Однажды среди наших гостей я заприметил новое лицо - молодого человека с заостренной бородкой, одетого совсем не так, как другие - в кафтан без пуговиц и в шаровары.
На ногах у него были мягкие черкесские сапоги, а на голове странная кавказская шапочка. Уже одно это было поразительно, но еще поразительней было то, что являлся этот молодой человек всегда верхом на казацкой лошади. Почему-то в мое сердце вкралось сразу недоброе предчувствие, да долго и не пришлось догадываться: уже к концу лета (1874 г.) он был объявлен женихом моей сестры Кати.
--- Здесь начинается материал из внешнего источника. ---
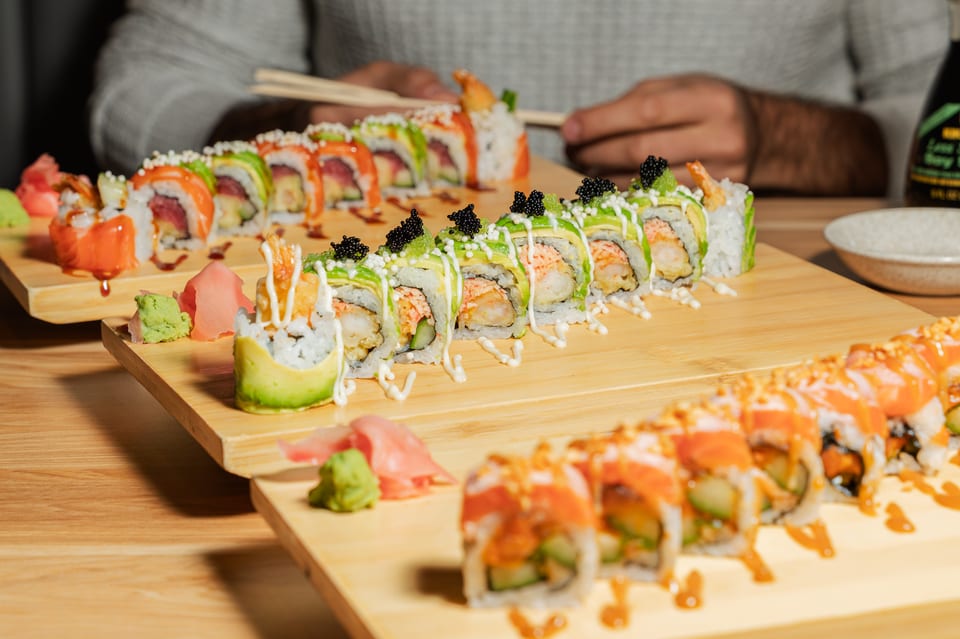 Three rows of sushi rolls with various toppings, wasabi, and ginger on wooden boards.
Обеих сестер, и старшую Камишу и младшую Катю, я нежно любил. Это были совсем взрослые барышни, которые годились мне в матери и которые старались одна перед другой излить на своего крошечного братца запасы своей материнской нежности. Выходило, точно у меня не одна, а целых три мамы, но одна из них возбуждала во мне какое-то особое чувство, которое я не знаю как назвать иначе, нежели как словами "художественный восторг". Катя считалась вообще очень хорошенькой, я же в ней видел прямо-таки свой идеал. Пожалуй, будет вернее сказать, что это была моя первая (разумеется совершенно безотчетная, но всё же пылкая) влюбленность, и это чувство я "почти осознал", как раз тогда, когда мне сообщили, что Катя выходит замуж за Женю Лансере. Как-то раз меня позвали в гостиную, сунули в руку длинный узкий бокал, на дне которого было немножко желтоватого вина и пригласили выпить за здоровье Кати и Жени. Все вокруг уже держали такие же бокалы, но у них вино, пенясь, переливалось через край и капало на пол. У всех был необычайно радостный вид, все стукались своими бокалами друг с другом, и весело что-то приговаривали. "Что же Шуренька, чокнись и ты со мной, - нагнулась ко мне Катя, - ведь я невеста, я выхожу замуж за Женю. Чокнемся!" Но Шуреньке было не до чоканья. Я выронил свой бокал из рук и он разбился, ("это к счастью, это к счастью!", загудели вокруг гости), сам же, заливаясь слезами, помчался к себе в детскую и, рыдая, зарылся в подушки. Что только не предпринимали, чтобы меня утешить - ничего не помогало. Я не понимал, что значит "выйти замуж", я даже не представлял себе отчетливо, что сестра теперь вскоре покинет наш дом, но всё мое существо возмутилось против того, что вот этот чужой человек станет близким к "моей" Кате! Я почти занемог от жгучей ревности. К самой свадьбе, которая была сыграна через несколько недель, я уже "примирился с судьбой", успокоился, а после свадьбы Женя и Катя уехали в Париж, где и прожили всю зиму. Там-то и сделала высокоталантливая ученица Зичи - Мэри Эттингер их необычайно удачный двойной портрет.